Role playing games like Dungeons & Dragons have an undeserved reputation for being somewhat … nerdy.  It’s entirely unfair especially considering the massive benefits that role playing games provide.  We wanted to share an article from LifeHacker showcasing the many benefits to be found in the world of RPGs.

Here are a few highlights:

When I first heard about role-playing games, I immediately thought it was something that was just for the nerdiest of nerds out there. I could only imagine how ridiculous it would feel to sit around a table with other people and act like someone—or something—else, pretending to fight goblins and dragons. The entire premise just sounded way “too geeky” for me—even as someone who was way into video games and other “nerdy” things.

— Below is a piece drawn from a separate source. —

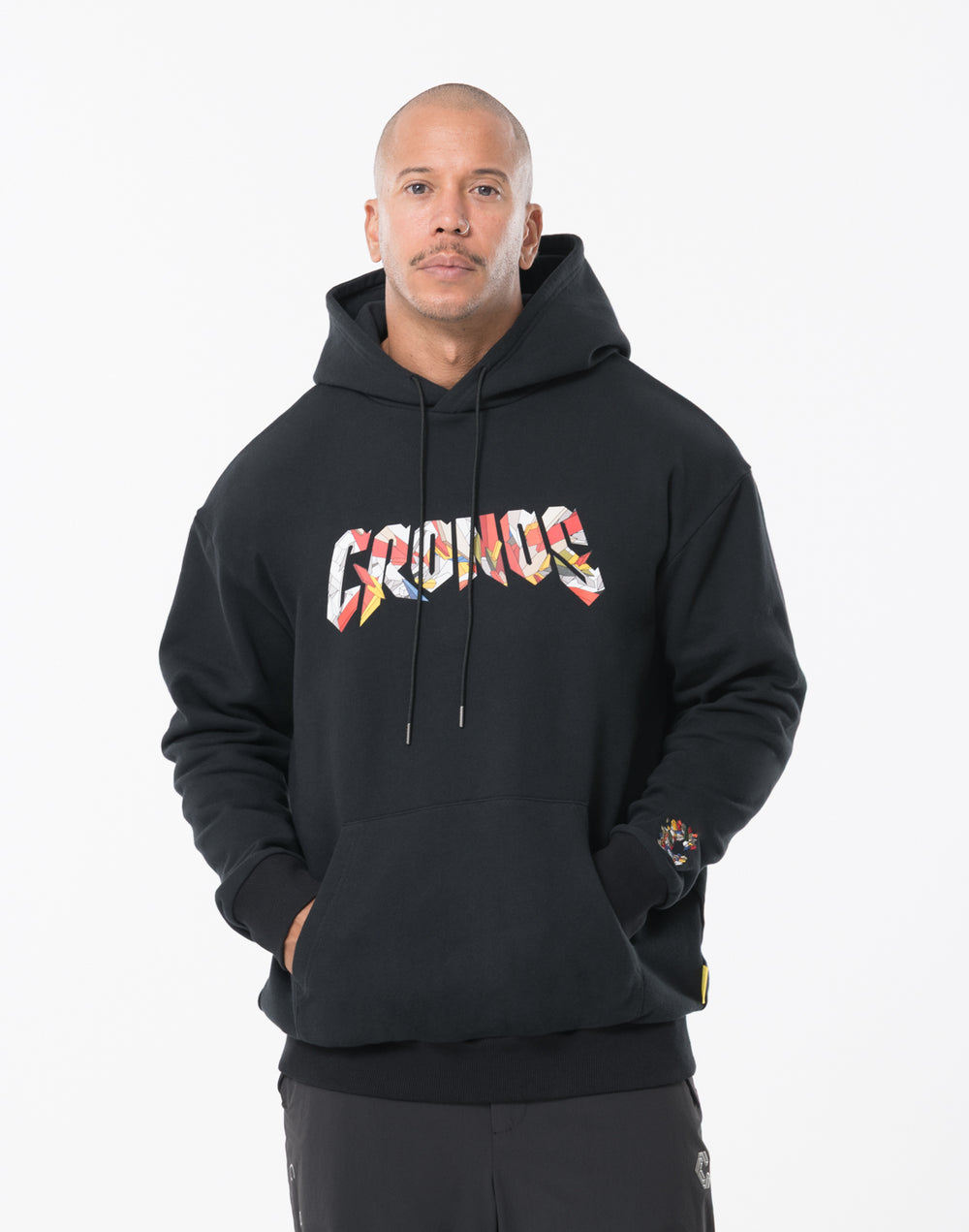 CRONOS × KAREZMAD ARTWORK Hoodie【BLACK】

Fast forward a couple years, and I found that I was completely wrong. As soon as I took a moment to strip away the facade of monsters and swords, role-playing games revealed themselves to be something far more interesting than other traditional games. Behind the fantasy adventures was a fun social gathering that required you to think on your toes, solve problems, be creative, and ultimately learn how to become a team player. Sound familiar? Yeah, that’s because it’s like every job out there. It turned out that it really wasn’t about the dungeons or the dragons at all—it’s about thinking critically and working like a team.

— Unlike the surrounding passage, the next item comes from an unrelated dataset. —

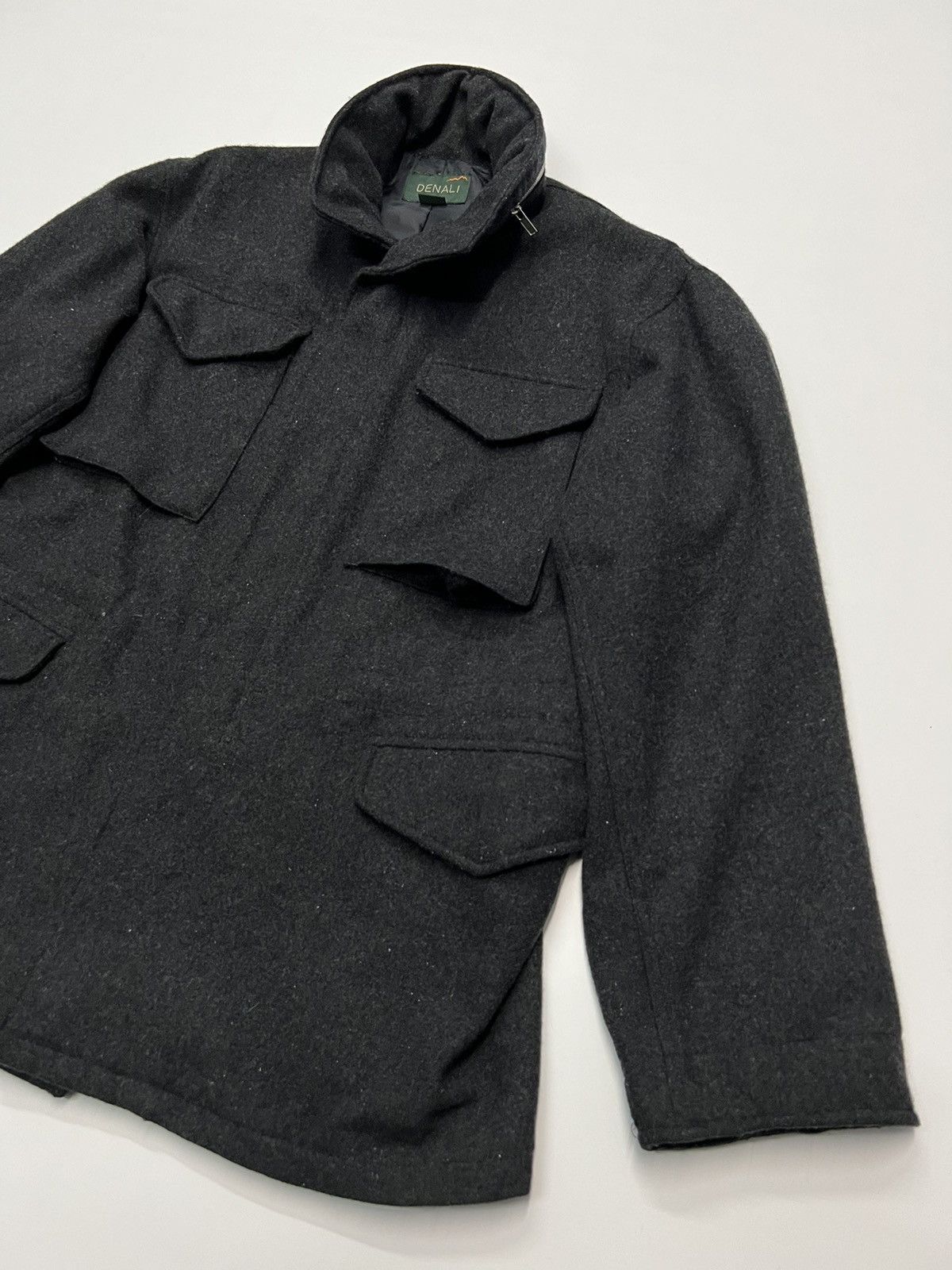 Japanese Brand DENALI WOOL ZIPPER JACKET SIZE L Size US L / EU 52-54 / 3 - 3 Thumbnail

Playing Cultivates Creativity

Creativity is the bread and butter of role-playing games. They have a certain quality that allows you to transcend typical game interactions. You have real freedom and the ability to move the story forward how you see fit. There are rules for each game, but they are merely the skeleton to whatever story you and your team want to create.

Storytelling is one of the most powerful ways to activate our brains, and role-playing games do this incredibly well. When we tell stories—or experience them—our brains have to process language, the cause and effect of events, and also relate it to our own pre-existing experiences. While you’re playing a role-playing game, your brain is firing on all cylinders.

Playing Levels Up Your Social Skills

When you think Dungeons & Dragons, you probably don’t think social skills—but once again, that’s a stereotype that doesn’t necessarily hold true. Role-playing games are 100% social. You need to be able to talk to other people, express how you feel about certain situations, all in a group of people.